TRY IT >>
In the listing below, the lines starting with the line with "Official YT Group for my fans :D" and going on through the line with "Toyo Observe G2S 205/50 R17" are to be reproduced exactly, and only those.

DATA SECTION >>
※ ※ ※

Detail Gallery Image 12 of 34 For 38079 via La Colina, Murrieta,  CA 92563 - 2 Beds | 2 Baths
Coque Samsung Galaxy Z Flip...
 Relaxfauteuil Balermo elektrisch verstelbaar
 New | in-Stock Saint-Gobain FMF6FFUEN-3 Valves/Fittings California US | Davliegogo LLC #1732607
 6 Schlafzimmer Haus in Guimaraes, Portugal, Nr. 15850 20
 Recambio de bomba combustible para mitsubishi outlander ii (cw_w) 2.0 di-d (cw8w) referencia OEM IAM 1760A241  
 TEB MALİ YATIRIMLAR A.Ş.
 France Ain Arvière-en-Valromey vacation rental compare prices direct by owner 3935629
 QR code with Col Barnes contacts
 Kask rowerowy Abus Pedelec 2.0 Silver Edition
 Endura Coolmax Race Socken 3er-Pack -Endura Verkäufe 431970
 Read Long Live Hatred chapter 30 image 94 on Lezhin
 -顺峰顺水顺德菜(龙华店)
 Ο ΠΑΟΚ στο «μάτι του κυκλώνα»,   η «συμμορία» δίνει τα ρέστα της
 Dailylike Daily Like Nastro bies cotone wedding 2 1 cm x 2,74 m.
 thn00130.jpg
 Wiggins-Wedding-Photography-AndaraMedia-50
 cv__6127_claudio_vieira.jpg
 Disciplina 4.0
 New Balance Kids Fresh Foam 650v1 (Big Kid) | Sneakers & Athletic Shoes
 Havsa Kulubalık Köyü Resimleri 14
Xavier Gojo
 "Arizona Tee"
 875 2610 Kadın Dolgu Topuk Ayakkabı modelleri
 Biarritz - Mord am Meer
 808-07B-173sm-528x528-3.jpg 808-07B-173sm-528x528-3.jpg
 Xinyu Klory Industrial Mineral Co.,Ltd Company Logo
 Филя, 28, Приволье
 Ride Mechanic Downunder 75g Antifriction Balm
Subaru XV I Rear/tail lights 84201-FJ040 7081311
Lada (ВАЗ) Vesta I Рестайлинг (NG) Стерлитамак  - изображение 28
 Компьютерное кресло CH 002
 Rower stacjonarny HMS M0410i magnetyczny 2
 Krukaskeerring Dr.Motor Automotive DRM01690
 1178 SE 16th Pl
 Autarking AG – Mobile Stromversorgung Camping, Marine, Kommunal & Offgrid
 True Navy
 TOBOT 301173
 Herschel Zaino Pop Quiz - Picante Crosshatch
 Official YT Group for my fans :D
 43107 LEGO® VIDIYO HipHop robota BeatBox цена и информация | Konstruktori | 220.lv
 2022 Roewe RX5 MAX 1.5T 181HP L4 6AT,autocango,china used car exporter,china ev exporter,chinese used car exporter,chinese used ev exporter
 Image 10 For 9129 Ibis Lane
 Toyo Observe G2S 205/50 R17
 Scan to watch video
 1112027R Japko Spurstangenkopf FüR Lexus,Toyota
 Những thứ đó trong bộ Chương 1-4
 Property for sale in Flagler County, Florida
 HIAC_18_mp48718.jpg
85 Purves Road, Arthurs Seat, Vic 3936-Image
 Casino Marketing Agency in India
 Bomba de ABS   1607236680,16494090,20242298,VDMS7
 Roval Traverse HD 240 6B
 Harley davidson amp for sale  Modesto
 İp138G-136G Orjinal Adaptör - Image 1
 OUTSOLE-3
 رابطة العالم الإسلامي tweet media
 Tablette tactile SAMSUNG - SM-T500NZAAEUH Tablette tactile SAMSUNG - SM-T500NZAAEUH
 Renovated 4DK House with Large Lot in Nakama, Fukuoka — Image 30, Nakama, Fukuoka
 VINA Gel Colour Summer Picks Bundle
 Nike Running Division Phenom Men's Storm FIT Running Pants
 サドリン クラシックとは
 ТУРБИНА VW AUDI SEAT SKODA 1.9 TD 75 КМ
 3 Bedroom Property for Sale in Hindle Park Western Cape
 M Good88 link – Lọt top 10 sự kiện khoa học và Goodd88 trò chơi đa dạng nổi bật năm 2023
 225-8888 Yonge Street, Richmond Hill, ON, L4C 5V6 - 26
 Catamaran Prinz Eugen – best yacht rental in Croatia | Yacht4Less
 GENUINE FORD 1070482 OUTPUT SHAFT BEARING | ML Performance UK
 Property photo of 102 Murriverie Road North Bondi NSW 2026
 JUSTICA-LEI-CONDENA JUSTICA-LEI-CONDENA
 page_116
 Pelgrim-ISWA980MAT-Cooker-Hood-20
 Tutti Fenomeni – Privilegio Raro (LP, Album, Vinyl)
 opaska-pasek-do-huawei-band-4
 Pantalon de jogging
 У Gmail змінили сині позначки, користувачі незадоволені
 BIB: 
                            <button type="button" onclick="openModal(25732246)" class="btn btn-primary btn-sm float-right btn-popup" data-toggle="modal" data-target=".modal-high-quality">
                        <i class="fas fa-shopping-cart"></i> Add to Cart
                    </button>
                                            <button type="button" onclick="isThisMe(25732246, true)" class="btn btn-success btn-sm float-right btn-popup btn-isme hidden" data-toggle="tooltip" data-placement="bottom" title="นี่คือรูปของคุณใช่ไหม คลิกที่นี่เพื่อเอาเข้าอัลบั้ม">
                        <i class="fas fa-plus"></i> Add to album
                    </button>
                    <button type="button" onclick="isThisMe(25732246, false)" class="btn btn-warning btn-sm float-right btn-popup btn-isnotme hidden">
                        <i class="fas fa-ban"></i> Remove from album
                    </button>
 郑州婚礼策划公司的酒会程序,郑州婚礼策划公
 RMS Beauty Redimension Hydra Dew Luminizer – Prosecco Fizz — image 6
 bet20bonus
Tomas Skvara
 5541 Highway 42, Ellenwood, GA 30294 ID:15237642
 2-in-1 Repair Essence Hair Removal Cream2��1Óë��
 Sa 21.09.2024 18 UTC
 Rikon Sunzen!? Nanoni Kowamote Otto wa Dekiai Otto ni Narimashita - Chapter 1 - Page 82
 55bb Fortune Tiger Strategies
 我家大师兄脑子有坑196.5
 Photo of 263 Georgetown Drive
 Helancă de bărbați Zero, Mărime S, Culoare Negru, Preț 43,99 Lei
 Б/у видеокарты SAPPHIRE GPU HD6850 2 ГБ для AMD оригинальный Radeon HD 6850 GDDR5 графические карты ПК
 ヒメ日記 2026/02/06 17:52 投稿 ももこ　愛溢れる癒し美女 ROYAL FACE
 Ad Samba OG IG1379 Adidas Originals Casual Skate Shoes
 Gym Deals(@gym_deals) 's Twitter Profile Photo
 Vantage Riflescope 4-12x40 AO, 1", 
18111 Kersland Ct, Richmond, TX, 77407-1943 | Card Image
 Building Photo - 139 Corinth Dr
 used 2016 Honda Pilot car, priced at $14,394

※ ※ ※

REPLY TO THE EXERCISE >>
 Official YT Group for my fans :D
 43107 LEGO® VIDIYO HipHop robota BeatBox цена и информация | Konstruktori | 220.lv
 2022 Roewe RX5 MAX 1.5T 181HP L4 6AT,autocango,china used car exporter,china ev exporter,chinese used car exporter,chinese used ev exporter
 Image 10 For 9129 Ibis Lane
 Toyo Observe G2S 205/50 R17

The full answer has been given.